À tâtons dans la fugacité

Felix Degaliers, étudiant en médecine, est à la recherche delocataires pour reprendre l’appartement de sa mère décédée il y a peu.

Très vite, la famille d’un avocat non seulement emménage dans l’appartement de Felix mais s’invite aussi dans son existence. Dans son dernier roman La ville décalée* (« Die verschobene Stadt »), Christian Zehnder esquisse une toile de relations volatiles sur fond de paysage urbain tout aussi fugace.

 

Lorsque Felix déménage à Lausanne, c’est uniquement pour s’occuper de sa mère malade. Aussi n’est-il pas surprenant qu’il se sente particulièrement déboussolé après sa mort ; commence alors une déambulation tâtonnante à travers cette ville qui ne cesse de lui sembler étrange. C’est ainsi que commence l’intrigue du dernier ouvrage de Zehnder, Die verschobene Stadt. Au fil de ses déambulations, Felix croise différents personnages qui surgissent à plusieurs reprises tels des feux follets : il y a Helena, la timide qui, soudain, cherche à renouer le contact, et Geneviève, sa camarade d’études ambitieuse et inaccessible. Plusieurs rendez-vous se donnent mais il ne se passe étrangement jamais rien ; les personnages repartent impassibles emportant néanmoins, à chaque fois, un sentiment de décalage de soi, comme écartés du monde. Certes, Felix éprouve une certaine affection amoureuse pour ces femmes, mais leurs liaisons restent fugitives.

 

 

Un réseau de relations

En revanche, la relation avec ses locataires, l’avocat Frederic Nyberg et sa famille, s’intensifie ostensiblement : Felix s’occupe de plus en plus du fils des Nyberg. Lorsque Frederic engage Helena pour devenir son assistante, des liens semblent se nouer aussi parmi l’entourage de Felix. Quelque temps après, Nyberg décide de s’installer en Grèce ; sa femme et son fils le rejoindront plus tard. Un jour, après avoir croisé fortuitement la femme et le fils de Nyberg, Felix débarque brusquement chez eux. Le voilà donc qui réemménage, avec eux, dans l’appartement de sa mère. Jusqu’au jour du départ, la relation entre la femme de Nyberg et Felix ne cesse de balancer entre fatalité d’une communauté d’infortune et promesse d’une attirance défendue. À la fin de ses études, Felix, enfin plus sûr de lui, se rapproche de Geneviève qui, autrefois si déterminée, semble entre-temps errer à son tour à tâtons dans la ville.

 

 

Constance volatile

L’égarement, la dispersion – le décalage de soi – sont des motifs récurrents dans ce quatrième ouvrage de Zehnder.
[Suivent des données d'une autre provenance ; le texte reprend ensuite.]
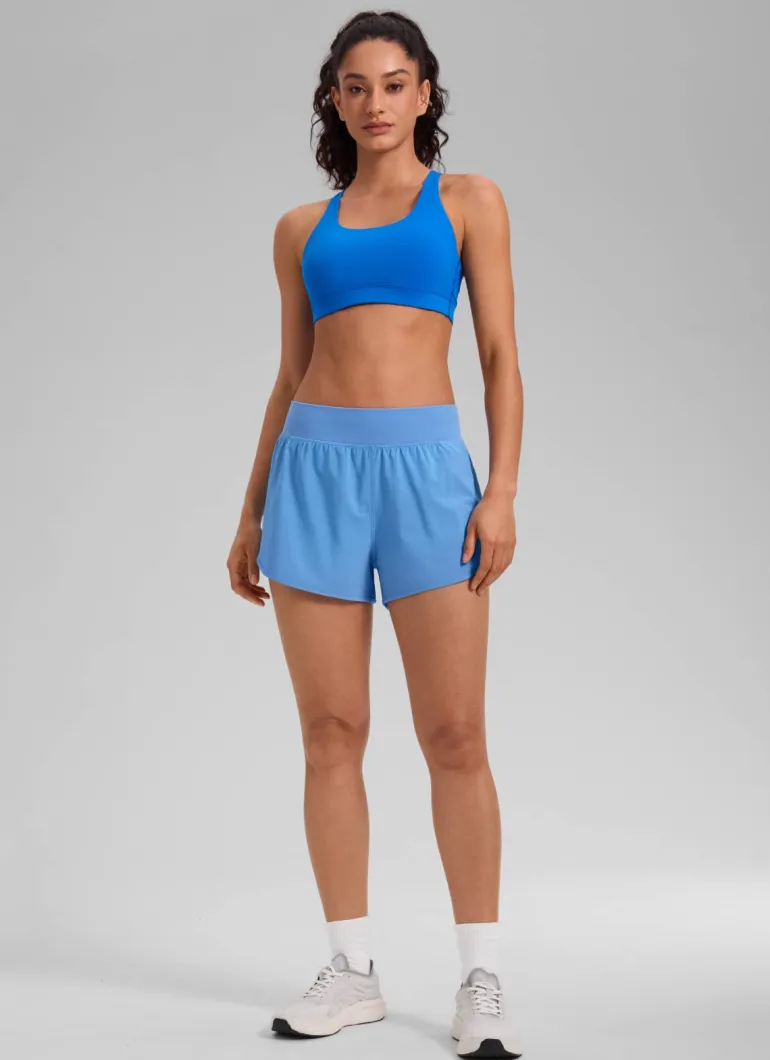 Feathery-Fit Soft Liner Zipper Pocket Shorts 3''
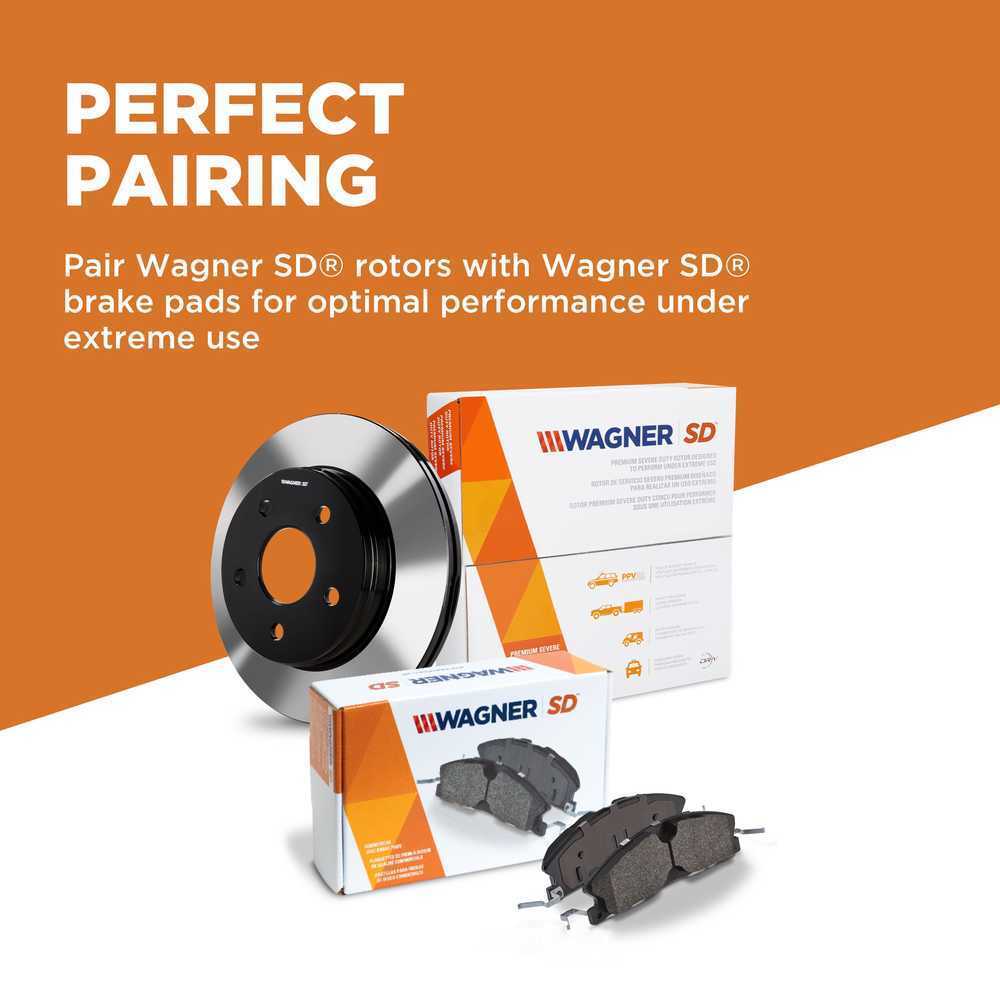 Front Severe Duty Brake Rotor  Wagner  DSX180579E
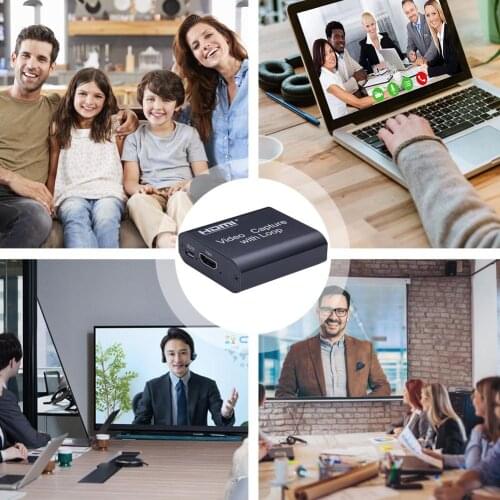 1080P 4K HDMI Video Capture Card HDMI To USB 2.0 Video Capture Device Dongle Game HD Capturing Record Live Streaming Broadcast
La vie d’un individu se transforme en un lieu où d’autres personnes apparaissent, passent et disparaissent. L’espace réel de la ville, Lausanne, en revanche, continue impassiblement de mener sa propre existence et dévoile ses métamorphoses – tout comme le style de Zehnder. Des passages étranges et irréels alternent avec des descriptions pointilleuses : certains événements à l’image des personnages semblent flotter, tels des images oniriques avant de s’effacer. La ville décalée reste mystérieuse et indiscernable. On ne se lasse jamais de lire ce roman malgré son caractère manifestement énigmatique. Zehnder parle de choix et de contingence, de proximité et de distance, d’entrevues et de disparitions, de manière floue parfois, parfois ardue mais toujours sereinement. On est fasciné par ces retournements inattendus – aussi bien au niveau du contenu que de la langue. La banalité de l’extraordinaire, c’est ça, justement, qui envoûte le lecteur.

 

Christian Zehnder, né à Berne en 1983, a fait des études de littérature et de philosophie à Fribourg et Munich. Il travaille à l’Institut de Slavistique de l’université de Fribourg. Après des séjours de recherche à Saint-Pétersbourg, Moscou, Varsovie et Chicago, il vit aujourd’hui à Berne. De sa plume ont déjà paru les nouvelles et romans Gustavs Traum, Julius et Die Welt nach dem Kino.

 

 

Jana Bersorger

 

[Traduit de l’allemand par Camille Hongler]

 

Christian Zehnder : Die verschobene Stadt. 208 pages. Salzburg : Otto Müller Verlag 2019, 34 CHF.